A talk in Birzeit University Museum on Lydda Refugees and Commercial Industrial History before the Nakba
Ramallah – 27 October 2018:
In collaboration with the A. M. Qattan Foundation, the Birzeit University Museum hosted a talk, titled Lydda Refugees and Commercial Industrial History before the Nakba. Naser Rumanneh, Chairman of the Al-Lod National Society, talked about the past and present struggles of the Lydda residents and refugees, pre-Nakba industrial and commercial history, evolution of agriculture, investment of economic expertise, and preservation of business and commercial heritage following displacement of the Lydda community.
The talk was organised in the context of Cities Exhibition 6, Lydda – A Garden Disremembered, part of Qalandiya International 2018.
Rumanneh began his talk by providing an overview of the Lydda residents’ struggle against the British Mandate, insisting on existence and preparing rebels.
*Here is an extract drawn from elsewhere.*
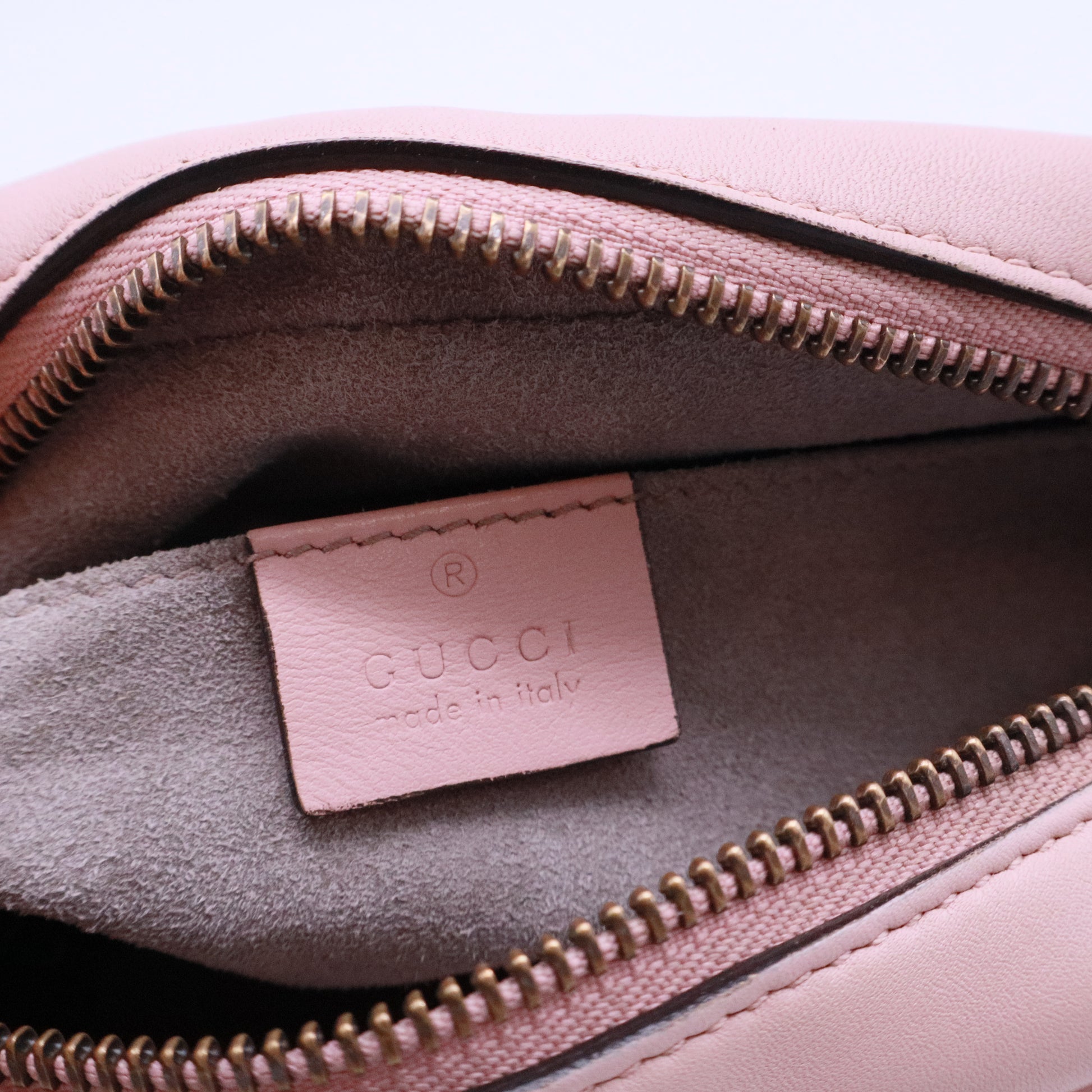 GG Marmont Shoulder Bag Matelasse Leather Small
Of these, As’ad al-Tartir was a wanted rebel at the time. He passed away in 2003.
Lydda was occupied two months after the Nakba. It was because of the fierce resistance by the city.
Rumanneh addressed the nature of relationship between Christians and Muslims in Lydda. Both communities have managed to create a model of social cohesion. On Fridays, public spaces are allocated to Muslims so that they can observe their religious rites. On Sundays, these public spaces are reserved for Christians. In this context, Rumanneh indicated that the logo of the Al-Lod National Society is blazoned with images of a mosque and a church.
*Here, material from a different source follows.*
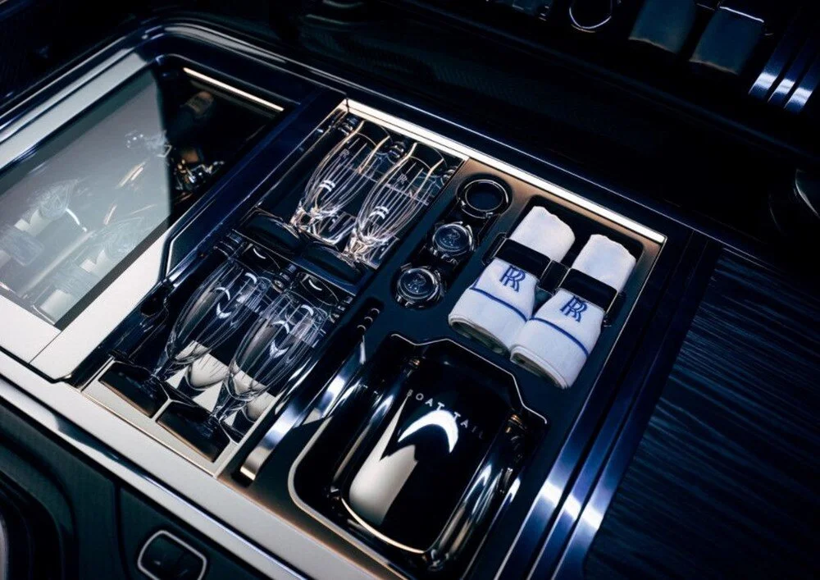 Sadece 3 tane üretilecek! Dünyanın en pahalı otomobilinin fiyatını duyan inanamadı: Özellikleri şaşırttı - Resim: 4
In Lydda, the elderly have distinguished themselves through their daily encounters, which used to bring them together. Although they were uneducated, these elderly were intellectuals thanks to these encounters. They were also renowned for their commitment to their traditional costumes, namely, the Qumbaz [male robe] and white Keffiyeh for men, and Milayeh [full-body garment] for women.
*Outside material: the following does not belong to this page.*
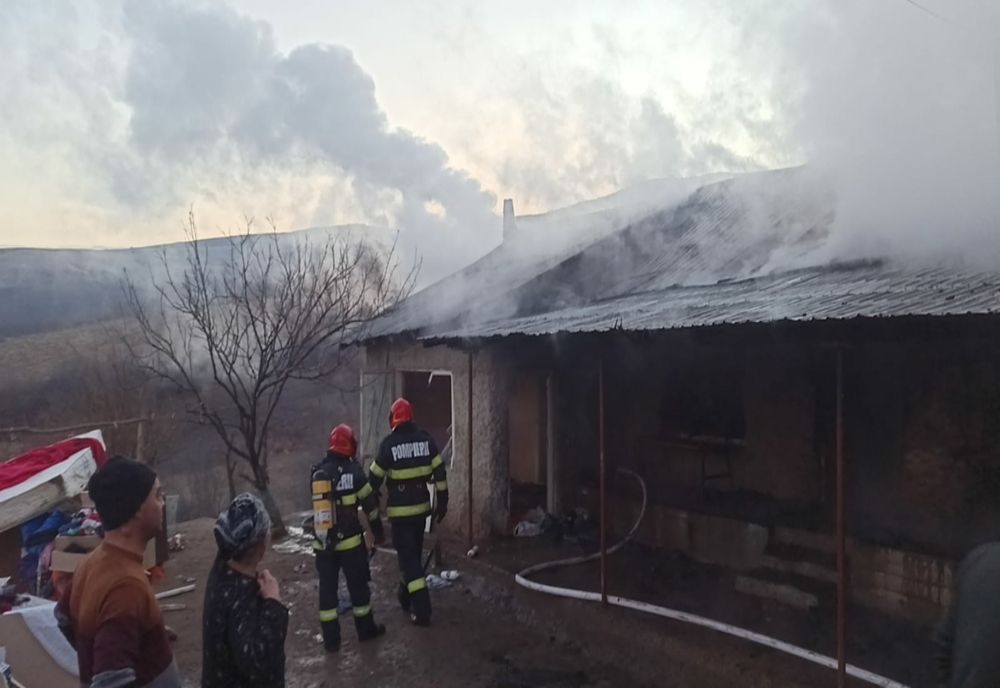 Incendiu la Lălești. Un tânăr dus la spital cu arsuri pe mâini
In relation to the commercial and industrial activities in Lydda, Rumanneh explained that the Lyddans are famous for being commercially shrewd. They enjoy an advanced level of commercial smartness. Lyddans differ from others by working for far more hours, consequently increasing their sales. In addition, Lyddans have long-standing experience in commerce. They constantly look for all new products. We should not overlook Lydda’s large markets and agricultural products exported abroad. Also, Lydda is mainly famous for olive and citrus cultivation.
The demographic distribution of the Lydda population includes 36,000 Lyddans in the Ramallah and El Bireh governorate and 240,000 others in Jordan.